### What is being asked
Please return the full listing below without altering anything.

·····

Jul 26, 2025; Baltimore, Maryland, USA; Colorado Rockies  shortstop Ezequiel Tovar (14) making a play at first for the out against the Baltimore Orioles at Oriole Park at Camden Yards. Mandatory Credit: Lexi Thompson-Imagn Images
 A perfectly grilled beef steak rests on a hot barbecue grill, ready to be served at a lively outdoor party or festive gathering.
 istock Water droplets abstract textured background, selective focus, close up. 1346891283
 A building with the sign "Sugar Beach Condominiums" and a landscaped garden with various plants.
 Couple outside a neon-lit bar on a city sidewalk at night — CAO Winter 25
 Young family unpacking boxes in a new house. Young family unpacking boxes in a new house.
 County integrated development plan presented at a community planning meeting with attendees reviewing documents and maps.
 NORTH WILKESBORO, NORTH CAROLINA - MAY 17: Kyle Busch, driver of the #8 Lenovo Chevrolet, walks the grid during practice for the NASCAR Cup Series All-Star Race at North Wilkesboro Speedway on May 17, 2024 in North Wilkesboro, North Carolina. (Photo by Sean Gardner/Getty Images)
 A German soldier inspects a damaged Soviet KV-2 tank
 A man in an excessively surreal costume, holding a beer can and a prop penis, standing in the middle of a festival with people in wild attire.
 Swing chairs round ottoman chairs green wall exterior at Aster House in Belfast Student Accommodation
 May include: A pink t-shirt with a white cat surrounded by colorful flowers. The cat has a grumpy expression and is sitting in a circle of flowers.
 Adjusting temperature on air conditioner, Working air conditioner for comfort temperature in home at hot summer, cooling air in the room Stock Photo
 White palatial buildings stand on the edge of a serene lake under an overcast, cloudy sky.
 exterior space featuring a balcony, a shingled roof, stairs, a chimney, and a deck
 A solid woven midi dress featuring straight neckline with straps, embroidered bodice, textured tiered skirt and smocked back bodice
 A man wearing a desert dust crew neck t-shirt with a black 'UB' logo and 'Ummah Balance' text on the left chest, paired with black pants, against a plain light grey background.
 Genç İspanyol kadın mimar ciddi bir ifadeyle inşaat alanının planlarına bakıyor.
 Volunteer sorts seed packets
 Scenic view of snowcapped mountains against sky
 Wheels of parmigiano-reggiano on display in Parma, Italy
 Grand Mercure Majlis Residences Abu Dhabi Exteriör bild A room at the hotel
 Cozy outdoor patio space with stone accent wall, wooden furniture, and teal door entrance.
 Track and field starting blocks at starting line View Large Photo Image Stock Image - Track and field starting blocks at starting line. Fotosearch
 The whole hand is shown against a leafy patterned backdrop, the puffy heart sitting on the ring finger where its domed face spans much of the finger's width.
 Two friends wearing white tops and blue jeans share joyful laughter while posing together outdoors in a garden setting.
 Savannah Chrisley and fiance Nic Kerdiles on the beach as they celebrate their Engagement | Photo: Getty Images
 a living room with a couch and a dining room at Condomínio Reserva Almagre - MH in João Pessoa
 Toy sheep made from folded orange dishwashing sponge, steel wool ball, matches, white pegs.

·····

### Result
Jul 26, 2025; Baltimore, Maryland, USA; Colorado Rockies  shortstop Ezequiel Tovar (14) making a play at first for the out against the Baltimore Orioles at Oriole Park at Camden Yards. Mandatory Credit: Lexi Thompson-Imagn Images
 A perfectly grilled beef steak rests on a hot barbecue grill, ready to be served at a lively outdoor party or festive gathering.
 istock Water droplets abstract textured background, selective focus, close up. 1346891283
 A building with the sign "Sugar Beach Condominiums" and a landscaped garden with various plants.
 Couple outside a neon-lit bar on a city sidewalk at night — CAO Winter 25
 Young family unpacking boxes in a new house. Young family unpacking boxes in a new house.
 County integrated development plan presented at a community planning meeting with attendees reviewing documents and maps.
 NORTH WILKESBORO, NORTH CAROLINA - MAY 17: Kyle Busch, driver of the #8 Lenovo Chevrolet, walks the grid during practice for the NASCAR Cup Series All-Star Race at North Wilkesboro Speedway on May 17, 2024 in North Wilkesboro, North Carolina. (Photo by Sean Gardner/Getty Images)
 A German soldier inspects a damaged Soviet KV-2 tank
 A man in an excessively surreal costume, holding a beer can and a prop penis, standing in the middle of a festival with people in wild attire.
 Swing chairs round ottoman chairs green wall exterior at Aster House in Belfast Student Accommodation
 May include: A pink t-shirt with a white cat surrounded by colorful flowers. The cat has a grumpy expression and is sitting in a circle of flowers.
 Adjusting temperature on air conditioner, Working air conditioner for comfort temperature in home at hot summer, cooling air in the room Stock Photo
 White palatial buildings stand on the edge of a serene lake under an overcast, cloudy sky.
 exterior space featuring a balcony, a shingled roof, stairs, a chimney, and a deck
 A solid woven midi dress featuring straight neckline with straps, embroidered bodice, textured tiered skirt and smocked back bodice
 A man wearing a desert dust crew neck t-shirt with a black 'UB' logo and 'Ummah Balance' text on the left chest, paired with black pants, against a plain light grey background.
 Genç İspanyol kadın mimar ciddi bir ifadeyle inşaat alanının planlarına bakıyor.
 Volunteer sorts seed packets
 Scenic view of snowcapped mountains against sky
 Wheels of parmigiano-reggiano on display in Parma, Italy
 Grand Mercure Majlis Residences Abu Dhabi Exteriör bild A room at the hotel
 Cozy outdoor patio space with stone accent wall, wooden furniture, and teal door entrance.
 Track and field starting blocks at starting line View Large Photo Image Stock Image - Track and field starting blocks at starting line. Fotosearch
 The whole hand is shown against a leafy patterned backdrop, the puffy heart sitting on the ring finger where its domed face spans much of the finger's width.
 Two friends wearing white tops and blue jeans share joyful laughter while posing together outdoors in a garden setting.
 Savannah Chrisley and fiance Nic Kerdiles on the beach as they celebrate their Engagement | Photo: Getty Images
 a living room with a couch and a dining room at Condomínio Reserva Almagre - MH in João Pessoa
 Toy sheep made from folded orange dishwashing sponge, steel wool ball, matches, white pegs.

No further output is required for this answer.